Exercise directions
Produce word for word the lines of the data below running from the one that has "camiası sonuna kadar" to the one that has "Nissan GTR R35", inclusive, and no others.

╔══

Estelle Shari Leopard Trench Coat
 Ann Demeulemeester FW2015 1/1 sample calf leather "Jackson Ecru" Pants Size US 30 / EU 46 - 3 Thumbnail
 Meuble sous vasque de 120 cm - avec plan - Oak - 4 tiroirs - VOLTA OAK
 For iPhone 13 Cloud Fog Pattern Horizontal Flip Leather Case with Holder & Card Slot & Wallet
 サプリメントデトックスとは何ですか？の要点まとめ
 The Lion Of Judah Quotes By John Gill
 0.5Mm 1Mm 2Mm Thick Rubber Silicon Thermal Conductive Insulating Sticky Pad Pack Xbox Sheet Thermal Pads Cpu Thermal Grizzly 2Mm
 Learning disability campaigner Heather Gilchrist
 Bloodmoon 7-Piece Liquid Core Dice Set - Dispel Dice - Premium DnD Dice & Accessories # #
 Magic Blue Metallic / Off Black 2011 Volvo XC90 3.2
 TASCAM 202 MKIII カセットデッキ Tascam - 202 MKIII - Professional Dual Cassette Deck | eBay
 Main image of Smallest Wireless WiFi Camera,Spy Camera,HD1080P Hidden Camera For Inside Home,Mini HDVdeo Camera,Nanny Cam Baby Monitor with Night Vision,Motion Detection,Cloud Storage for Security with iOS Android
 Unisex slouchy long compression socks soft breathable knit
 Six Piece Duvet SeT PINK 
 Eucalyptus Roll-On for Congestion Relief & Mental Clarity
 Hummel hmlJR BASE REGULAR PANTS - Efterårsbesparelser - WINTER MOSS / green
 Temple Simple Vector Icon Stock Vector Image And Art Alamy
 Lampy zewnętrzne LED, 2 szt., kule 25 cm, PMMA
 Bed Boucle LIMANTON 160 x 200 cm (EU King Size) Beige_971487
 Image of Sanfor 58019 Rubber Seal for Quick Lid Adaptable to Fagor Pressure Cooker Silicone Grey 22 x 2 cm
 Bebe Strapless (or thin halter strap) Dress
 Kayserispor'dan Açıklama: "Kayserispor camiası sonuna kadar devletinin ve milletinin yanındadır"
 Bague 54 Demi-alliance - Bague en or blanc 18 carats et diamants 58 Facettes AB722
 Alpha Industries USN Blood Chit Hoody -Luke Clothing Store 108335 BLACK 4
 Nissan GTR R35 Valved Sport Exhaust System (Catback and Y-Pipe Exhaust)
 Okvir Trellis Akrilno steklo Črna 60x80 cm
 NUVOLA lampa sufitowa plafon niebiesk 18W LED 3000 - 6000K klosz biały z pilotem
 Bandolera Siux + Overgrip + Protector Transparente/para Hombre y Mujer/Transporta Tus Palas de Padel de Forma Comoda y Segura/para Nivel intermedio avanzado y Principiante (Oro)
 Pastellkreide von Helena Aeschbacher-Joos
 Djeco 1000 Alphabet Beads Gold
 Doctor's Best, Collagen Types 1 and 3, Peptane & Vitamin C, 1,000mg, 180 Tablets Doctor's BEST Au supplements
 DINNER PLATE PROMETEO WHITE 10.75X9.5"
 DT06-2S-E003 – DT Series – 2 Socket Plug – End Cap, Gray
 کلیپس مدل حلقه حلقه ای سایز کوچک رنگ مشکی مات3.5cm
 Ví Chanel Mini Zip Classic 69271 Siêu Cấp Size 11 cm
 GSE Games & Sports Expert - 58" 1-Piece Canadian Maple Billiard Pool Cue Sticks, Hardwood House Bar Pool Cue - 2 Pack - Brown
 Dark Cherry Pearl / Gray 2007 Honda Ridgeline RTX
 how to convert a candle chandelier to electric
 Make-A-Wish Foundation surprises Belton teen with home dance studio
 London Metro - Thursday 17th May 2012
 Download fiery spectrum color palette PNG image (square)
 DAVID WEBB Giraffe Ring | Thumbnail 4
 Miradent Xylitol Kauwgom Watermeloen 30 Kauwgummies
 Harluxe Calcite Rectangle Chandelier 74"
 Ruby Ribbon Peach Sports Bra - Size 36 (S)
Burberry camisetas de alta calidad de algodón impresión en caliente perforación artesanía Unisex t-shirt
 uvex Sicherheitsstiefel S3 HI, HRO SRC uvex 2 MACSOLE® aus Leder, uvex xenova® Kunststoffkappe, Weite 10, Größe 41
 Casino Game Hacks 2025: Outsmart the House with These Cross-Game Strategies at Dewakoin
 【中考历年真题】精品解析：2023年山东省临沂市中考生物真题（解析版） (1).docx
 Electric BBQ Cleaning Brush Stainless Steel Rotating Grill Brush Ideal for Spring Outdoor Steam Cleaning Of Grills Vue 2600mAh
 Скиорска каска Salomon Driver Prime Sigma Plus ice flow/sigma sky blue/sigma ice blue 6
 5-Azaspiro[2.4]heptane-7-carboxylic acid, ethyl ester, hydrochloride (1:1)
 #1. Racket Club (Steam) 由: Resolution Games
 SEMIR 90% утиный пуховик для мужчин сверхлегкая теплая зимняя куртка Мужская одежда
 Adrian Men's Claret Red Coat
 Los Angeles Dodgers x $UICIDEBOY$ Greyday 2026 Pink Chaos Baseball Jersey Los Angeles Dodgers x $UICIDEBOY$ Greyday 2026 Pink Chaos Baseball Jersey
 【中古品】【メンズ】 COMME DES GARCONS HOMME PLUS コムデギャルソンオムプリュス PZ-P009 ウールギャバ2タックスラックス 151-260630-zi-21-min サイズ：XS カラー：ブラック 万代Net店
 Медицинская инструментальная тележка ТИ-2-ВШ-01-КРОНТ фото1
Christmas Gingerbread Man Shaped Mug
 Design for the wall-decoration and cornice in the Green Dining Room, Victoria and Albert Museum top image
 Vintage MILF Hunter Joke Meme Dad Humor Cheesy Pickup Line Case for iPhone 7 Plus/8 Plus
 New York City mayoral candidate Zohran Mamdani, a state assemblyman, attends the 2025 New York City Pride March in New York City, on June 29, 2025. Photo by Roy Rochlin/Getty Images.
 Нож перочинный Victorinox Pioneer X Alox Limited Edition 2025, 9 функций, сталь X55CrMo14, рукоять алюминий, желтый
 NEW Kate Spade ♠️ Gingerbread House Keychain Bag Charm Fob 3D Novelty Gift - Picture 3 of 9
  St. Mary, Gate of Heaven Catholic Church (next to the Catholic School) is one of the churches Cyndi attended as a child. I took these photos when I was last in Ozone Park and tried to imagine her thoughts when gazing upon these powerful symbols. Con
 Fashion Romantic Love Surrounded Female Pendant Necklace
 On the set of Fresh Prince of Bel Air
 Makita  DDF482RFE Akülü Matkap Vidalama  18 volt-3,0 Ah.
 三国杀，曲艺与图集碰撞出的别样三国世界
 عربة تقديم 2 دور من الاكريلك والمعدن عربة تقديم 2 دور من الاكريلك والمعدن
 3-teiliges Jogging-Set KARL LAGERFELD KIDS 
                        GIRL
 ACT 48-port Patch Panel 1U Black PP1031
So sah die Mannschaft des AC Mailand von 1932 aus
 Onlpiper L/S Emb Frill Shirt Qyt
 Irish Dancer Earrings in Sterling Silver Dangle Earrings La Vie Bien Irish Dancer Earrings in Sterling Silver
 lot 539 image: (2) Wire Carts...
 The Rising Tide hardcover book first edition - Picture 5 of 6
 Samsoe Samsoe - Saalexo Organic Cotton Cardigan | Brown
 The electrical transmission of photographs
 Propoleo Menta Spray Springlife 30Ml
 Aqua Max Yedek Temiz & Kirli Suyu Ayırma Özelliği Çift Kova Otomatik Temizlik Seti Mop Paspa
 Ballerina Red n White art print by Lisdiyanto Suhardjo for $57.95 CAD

╚══

Exercise result
 Kayserispor'dan Açıklama: "Kayserispor camiası sonuna kadar devletinin ve milletinin yanındadır"
 Bague 54 Demi-alliance - Bague en or blanc 18 carats et diamants 58 Facettes AB722
 Alpha Industries USN Blood Chit Hoody -Luke Clothing Store 108335 BLACK 4
 Nissan GTR R35 Valved Sport Exhaust System (Catback and Y-Pipe Exhaust)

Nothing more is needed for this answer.